Speaker ideas have been along the lines of 6 bookshelf type speakers. Since the room isn't that big, these would only have to be capable handling moderate amounts of power. The existing wiring for these puts them near the ceiling. These would be powered from a single pro amp. 

Hope this helps to understand my mindset.


----------



## WooferHound (Dec 8, 2010)

Just having a Volume knob on your system will not prevent the DJ from turning up his DJ mixer louder and blowing your speakers. You would have a volume knob anyway on your crossover unit.

What you are looking for is called a Compressor/Limiter, This will be able to set a maximum volume level that can not be exceeded. It controls the volume to be below your set-point. You could also call it an Automatic Volume Control.

One of the better compressors that you can get is a DBX 166 for about $200.oo, but you can get others cheaper
http://www.amazon.com/DBX-166XL-Channel-Compressor-Limiter/dp/B0002H0QGY


----------



## Tom Grimes (Feb 5, 2011)

Thanks for that! I hadn't even thought about a compressor for this.
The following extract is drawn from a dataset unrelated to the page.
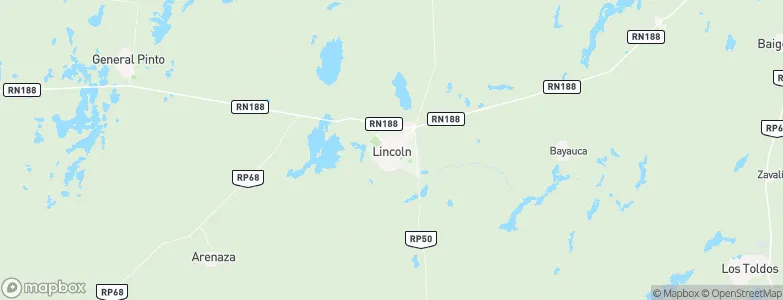 Lincoln, Argentina Map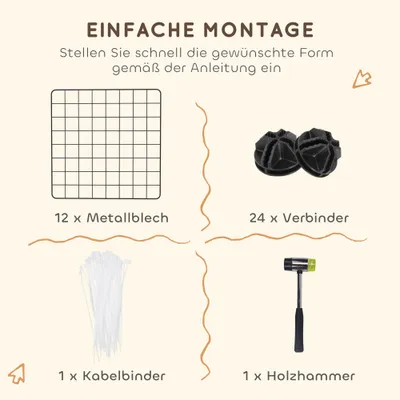 PawHut Kleintiergehege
All I've done with them is use them live on a bass and maybe a guitar. But that is exactly what I was looking for.

I'm still looking for something that would accept a few different types of inputs. I' saw a unit called an easy connect panel being used in a rack for a multimedia purpose. From the quick look I had at this one, it seems to accept RCA, optical, and maybe XLR along with a few different video types. Do these exist for just audio applications? Or should I find one like this and be OK with paying for unused features?


----------



## WooferHound (Dec 8, 2010)

I was hoping someone else would hop in here with a better suggestion than I have . . . but, I would use a couple of Direct Boxes with a bunch of adapter cables that convert your various formats to ¼ inch cables that plug into the boxes. Of course this does not accommodate your request for an optical input.


----------



## Tom Grimes (Feb 5, 2011)

That is indeed an option I've looked into. The most current scenario goes H/K stereo receiver > BBE Crossover >Dbx compressor/limiter > Crown amplifiers > IB/ 6 speakers.

I know the H/K is not really pro audio, but it gives me a few different inputs with a master volume and allows for a couple video inputs for the projector. Very simple for the majority of people we have DJing. I also could bypass it for a DJ with a serious setup.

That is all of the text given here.